SDA is my home away from home. The newspaper that I’ve written for for two and a half years has been my voice here. The hallways are the most familiar parts of my day, the smiles on the faces of the people I see here my biggest comfort. The fact that I have to find new hallways, dorm hallways specifically, to become comfortable with, the fact that I have to discover new faces and new professors, absolutely terrifies me, but in the best way possible. Am I sad? Of course. More than I can put into words.
Personally I don’t think it’s wrong to be sad, or perhaps not as excited as you thought you would be a few months ago, or even downright terrified. Over the course of four years you’ve established yourself in this place, found your center and expanded from there , but now you’re being told to uproot all that you’ve accomplished here, and move on to do it all over again. It’s a daunting task, one that’ll take some people thousands of miles away to do.
If you’re graduating this year, or you’re one of the retiring staff, if your friends are leaving to move somewhere far away, or you feel like you just didn’t have enough time, don’t feel like you can’t be sad. Don’t think you can’t mourn for a place you’ve begun to call home. Soon, yes, this place will be gone, lost in a pile of rubble and loud machine noises, but what you had here will always be in your memory. You’ll never lose it, and it’ll always be a part of you. But remember, yes, it is one hundred percent ok to cry. Trust me, I’ve done it a lot these past few weeks.
In the grand scheme of things, the world here at this school, in this tiny weird little beach town, is the smallest you’re ever going to know. In a few short days, this world here ends, and suddenly a new one will begin: bigger, wider, more fresh and new and utterly insane than you will ever be able to imagine. And while I encourage taking advantage of the new opportunities and new adventures that await out there, I also encourage remembering this small little world. Remember the friends who smiled at you in the hallways, the teachers that gave you an extra day to get in a homework assignment because you were having a tough week, the random dance parties in homeroom and movies on rainy days, when suddenly the classroom floor in the dark was the comfiest thing you’ve ever experienced. Remember every stressful tear and gut wrenching laugh, remember screaming out the lyrics to your favorite song in the car with your friends during hour lunch, and remember how you barely made it to class on time because “I swear to god there was so much traffic.”

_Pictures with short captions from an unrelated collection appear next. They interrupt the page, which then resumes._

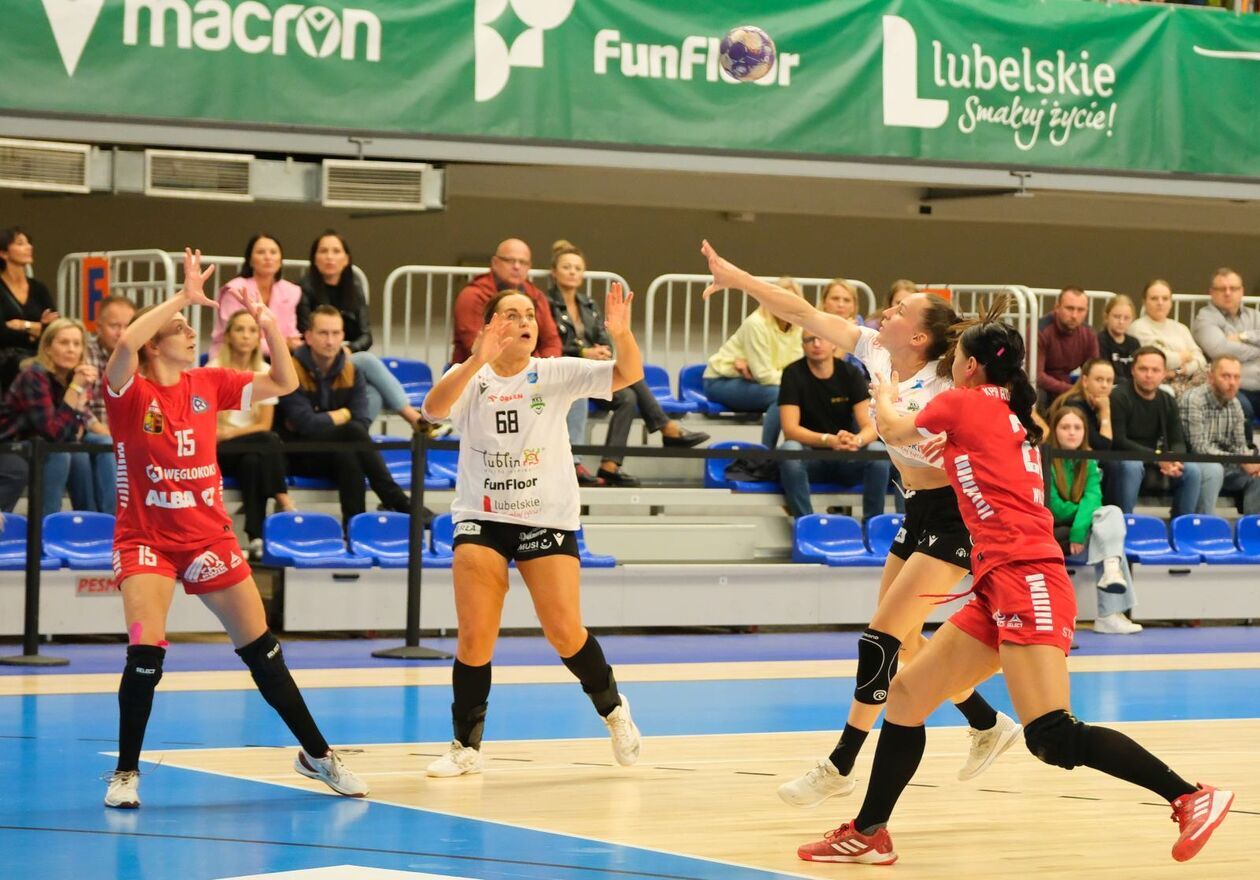  MKS FunFloor Lublin – KPR Ruch Chorzów 38:27 (zdjęcie 39) - Autor: DW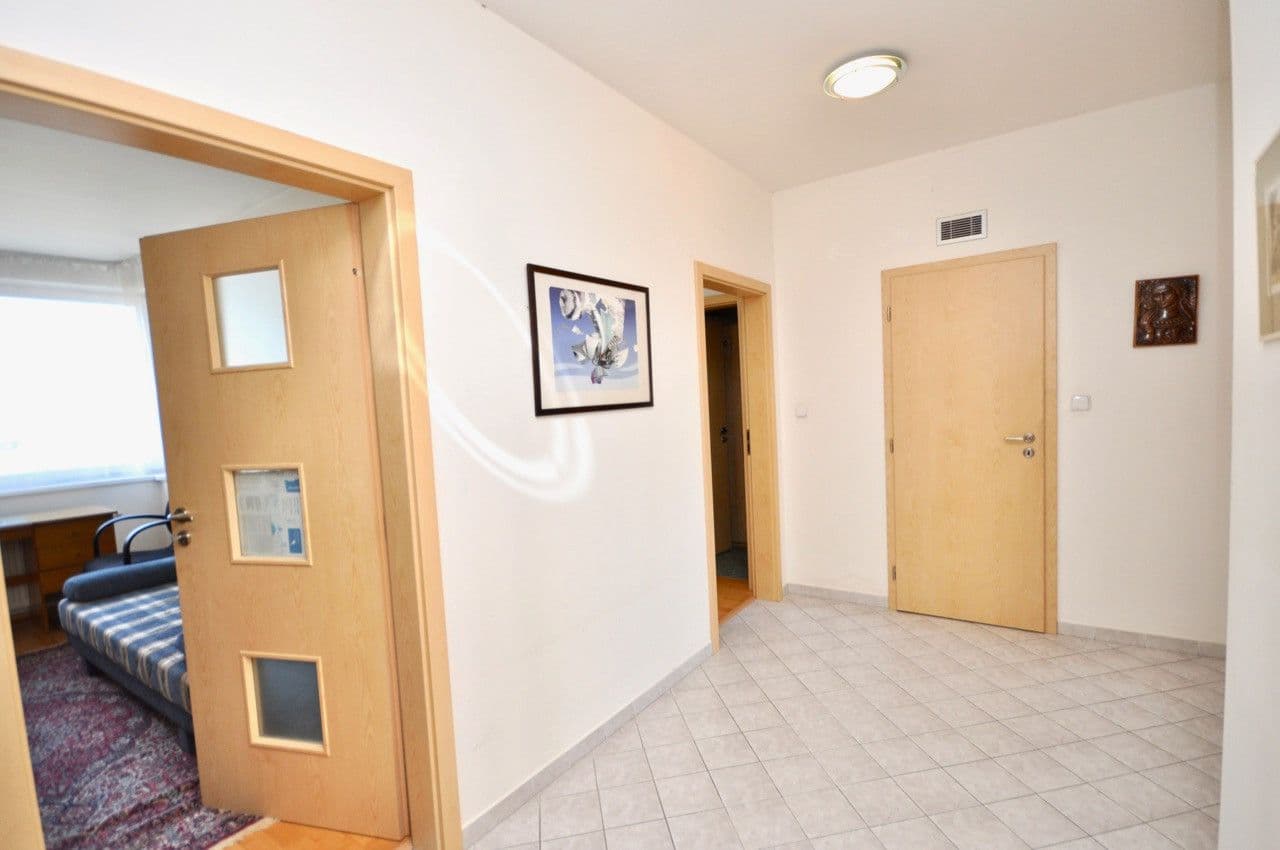 3 bedroom with open-plan kitchen flat to rent, 122 m², Nad Okrouhlíkem, Prague, Prague 3 bedroom with open-plan kitchen flat to rent, 122 m², Nad Okrouhlíkem, Prague, Prague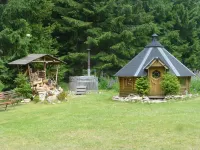 Retreat with Sauna, Hot Tub Hotels in Muldenhammer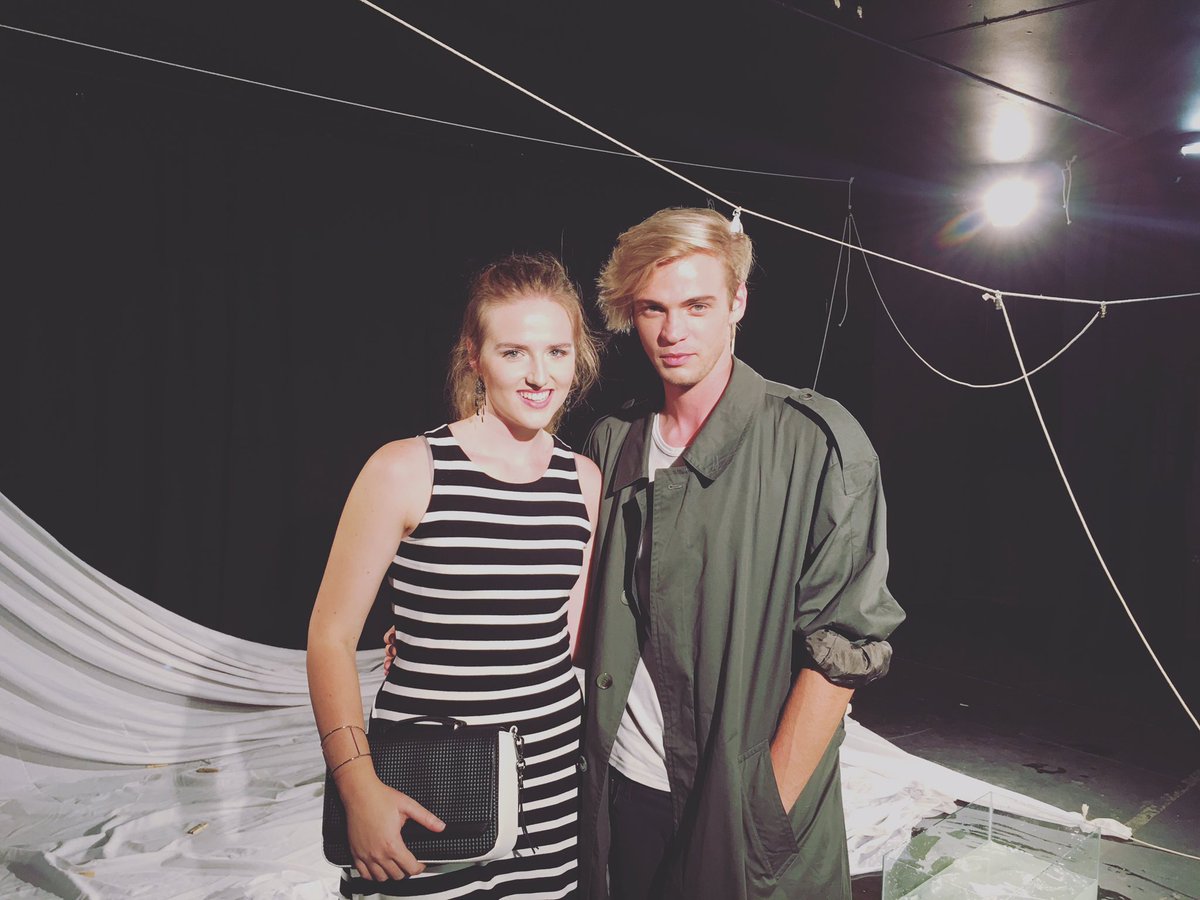 rowrowlean's tweet photo. @marco_duplessis, you are so stunning! #MooiAnnie #teamtalent #theatrelife https://t.co/YCR29BinXn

Just take a moment to step back and remember your time here, in this small world, where human connection was so easy, where life could stop for a second and you could feel the sunshine (because God only knows people are going to freeze to death in college the moment it goes under 65.) Remember the times when you let go and readily gave yourself to the world you knew, the friends you love, the support that came in all shapes and forms. Loneliness is a hard thing to overcome, and I know for many the crushing weight of homesickness and missing our friends and family will be terrible at first, but remember that this place, this weird little place, will always live on inside of you.
So yes, it’s ok to cry. It’s ok to be sad, or to be scared. But you’re going to be fine. We’re all going to be just fine.
Thank you to The Mustang and to Tim Roberts for two and a half incredible years, I’ll miss it all so much.